Ideologiebildung statt klassischer Schulbildung?
Dass Immigranten
und Flüchtlinge nicht in einen Topf zu werfen sind, ist moralischen Populisten
egal. Und ich frage mich dann auch, warum wir eigentlich seit Jahrzehnten
darüber diskutieren, wie wir unser Schulsystem verbessern und warum wir es
nicht einfach abschaffen oder durch ideologische Bildung ersetzen. Angeblich
ist ja laut moralischer Elite eine Masse ungebildeter beziehungsweise
hauptsächlich ideologisch gebildeter Menschen ein Erfolgsgarant für das
Sozialsystem und die Wirtschaft.
Besonders
schade ist es, dass die moralischen Populisten die politische Korrektheit –
eigentlich ein intelligenter Begriff, mit dem verantwortungsbewusstes
politisches Handeln ausgezeichnet werden sollte – für sich beanspruchen
und darüber hinaus auch noch zugeschrieben bekommen.

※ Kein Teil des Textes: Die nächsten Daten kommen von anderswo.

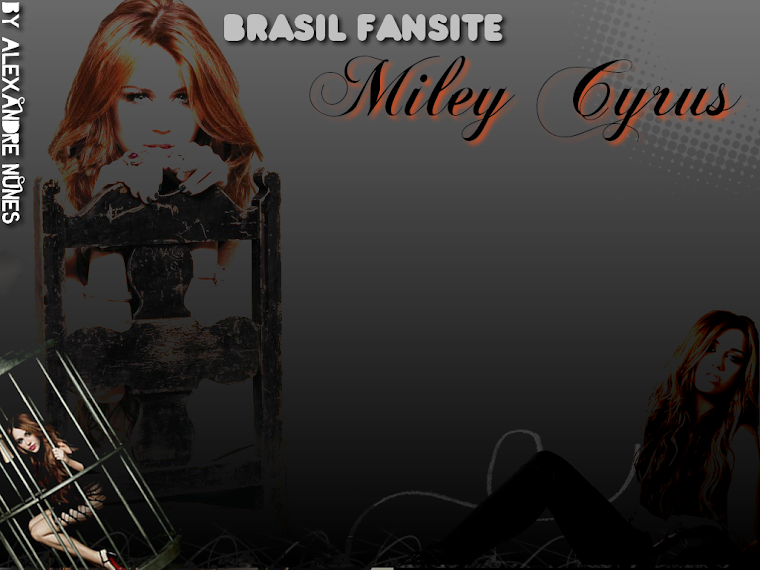 Miley Cyrus Brasil Fansite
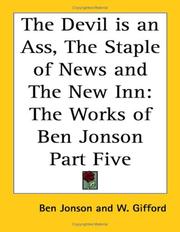 Front cover of The Devil Is An Ass, The Staple Of News And The New Inn by Ben Jonson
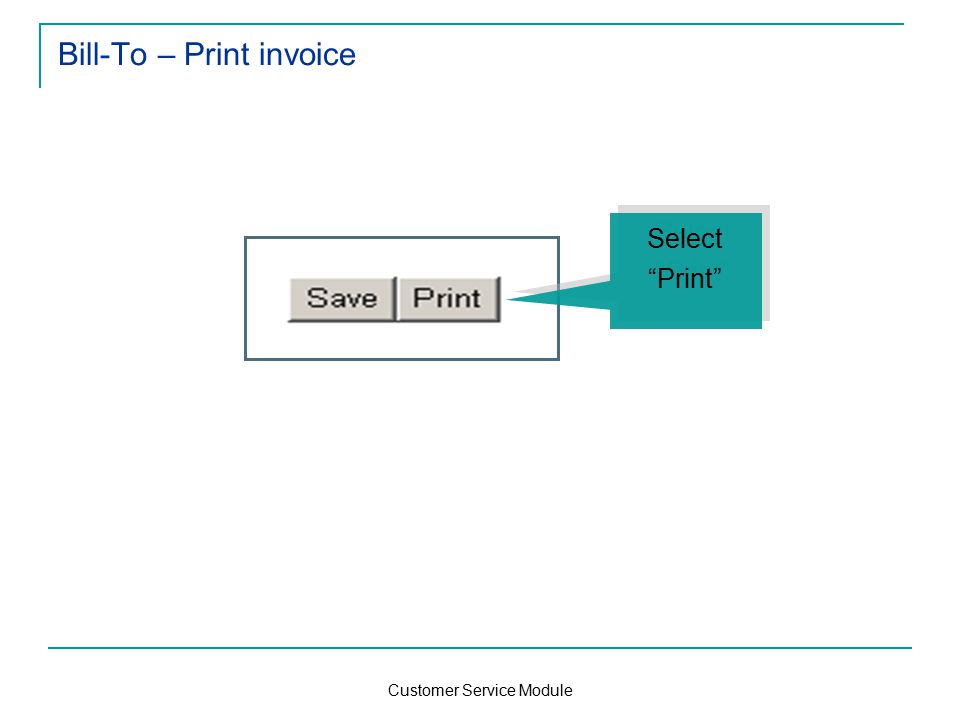 Customer Service Module Bill-To – Print invoice Select Print Select Print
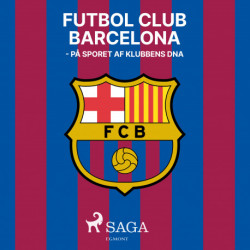 Futbol Club Barcelona - På sporet af klubbens DNA
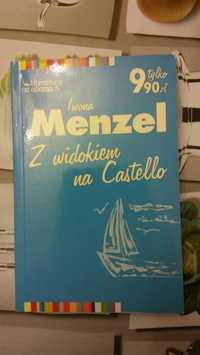 Z widokiem na Castello Iwona Menzel Literatura na obcasach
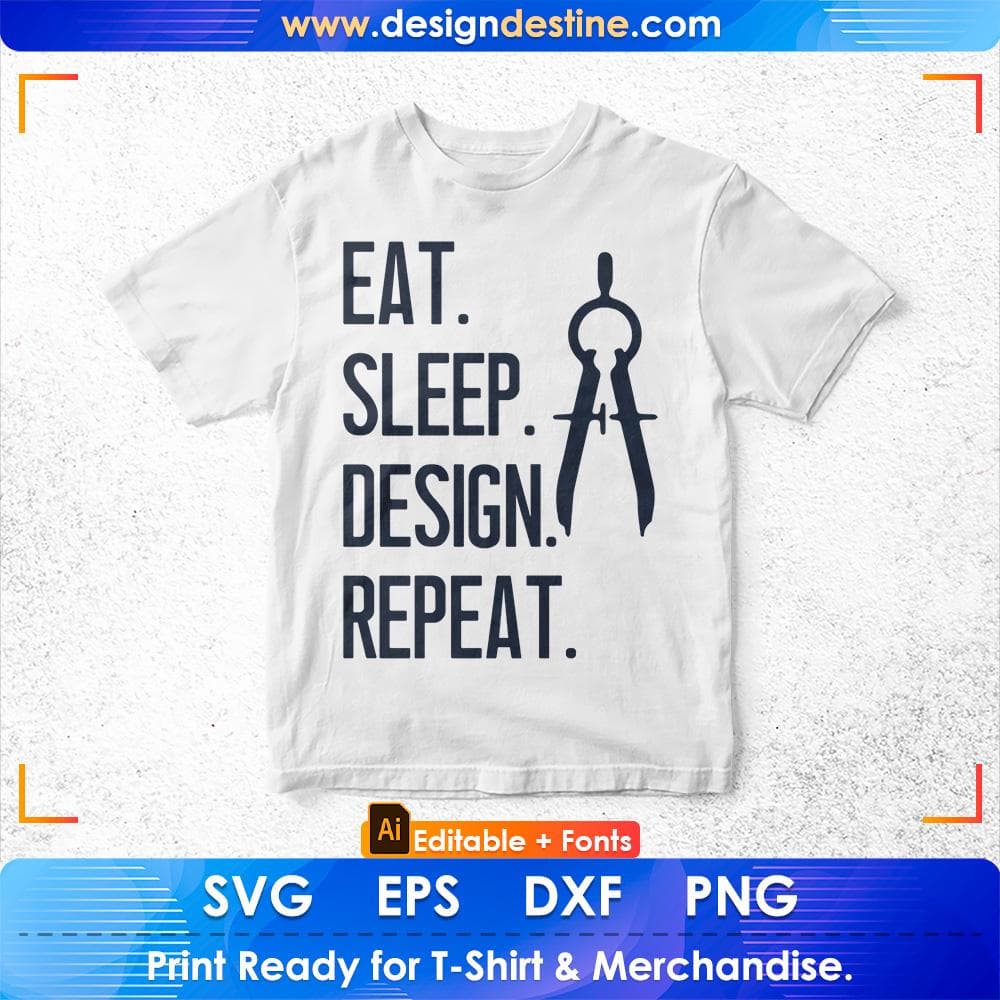Eat Sleep Design Repeat Architect Editable T shirt Design Svg Cutting Printable Files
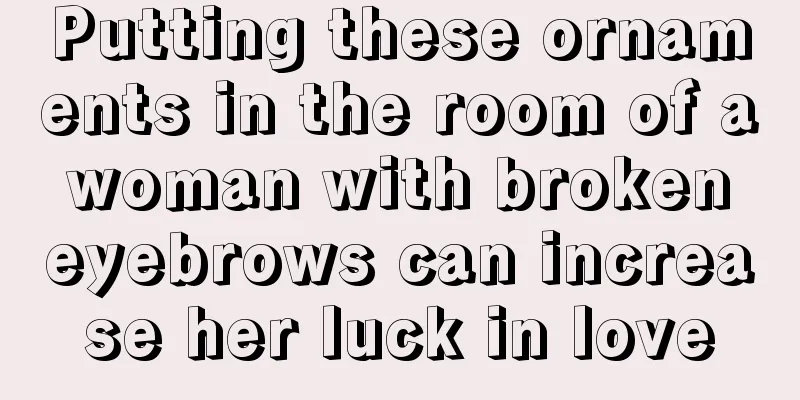 Putting these ornaments in the room of a woman with broken eyebrows can increase her luck in love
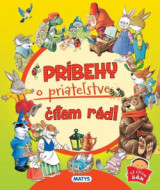 Príbehy o priateľstve čítam rád! - cena, porovnanie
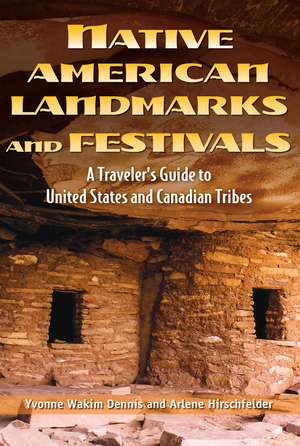 Native American Landmarks And Festivals: A Traveler's Guide to United States and Canadian Tribes de Arlene Hirschfelder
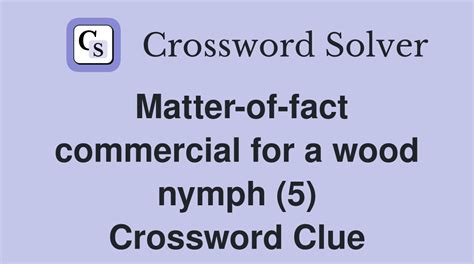 wood nymph Crossword Clue: 4 Answers with 5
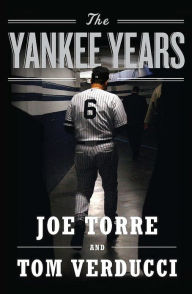 Title: The Yankee Years, Author: Joe Torre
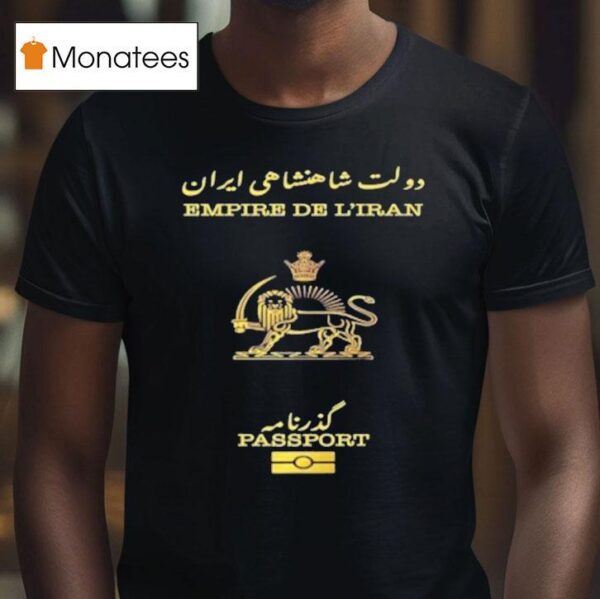 Empire De L Iran Passpor T Shirt
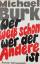 gebrauchtes Buch – Michael Burk – Wer weiß schon wer der Andere ist - Roman – Bild 2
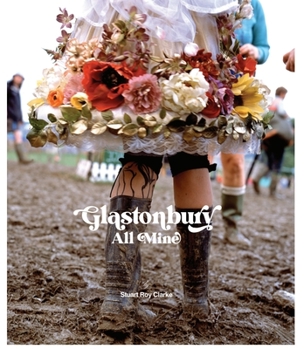 Hardcover Glastonbury All Mine Book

Der fromme Wunsch nach
Grenzöffnung, der ins Chaos führt, sowie dessen quasi-religiöse Verteidigung
ist nämlich nicht politisch korrekt, sondern zeugt von völlig falschem
politischen Verständnis. Ich plädiere deshalb dafür, dass der Begriff der
politischen Korrektheit wieder positiv besetzt wird und nicht mehr die
moralischen Populisten, sondern diejenigen mit einbezieht, die Probleme ehrlich
und sachlich benennen, um sie dann auch pragmatisch und zielstrebig anzugehen
und zu lösen. Nicht Gesinnungsethiker und moralische Populisten, sondern
verantwortungsbewusste Pragmatiker, die humanistisches Ideal und Realitätssinn
zu verbinden wissen und sich somit für eine nachhaltige Einwanderungs- und
Flüchtlingspolitik zum Wohle einer friedlichen pluralistischen Gesellschaft
einsetzen, sind politisch korrekt!
Sebastian
Vogel arbeitet mit zwei Freunden an einem Start-up. Neben seinem Interesse an
Politik, Wirtschaft und Sport beschäftigt er sich mit den Themen Pluralismus,
Liberalismus und Islamismus.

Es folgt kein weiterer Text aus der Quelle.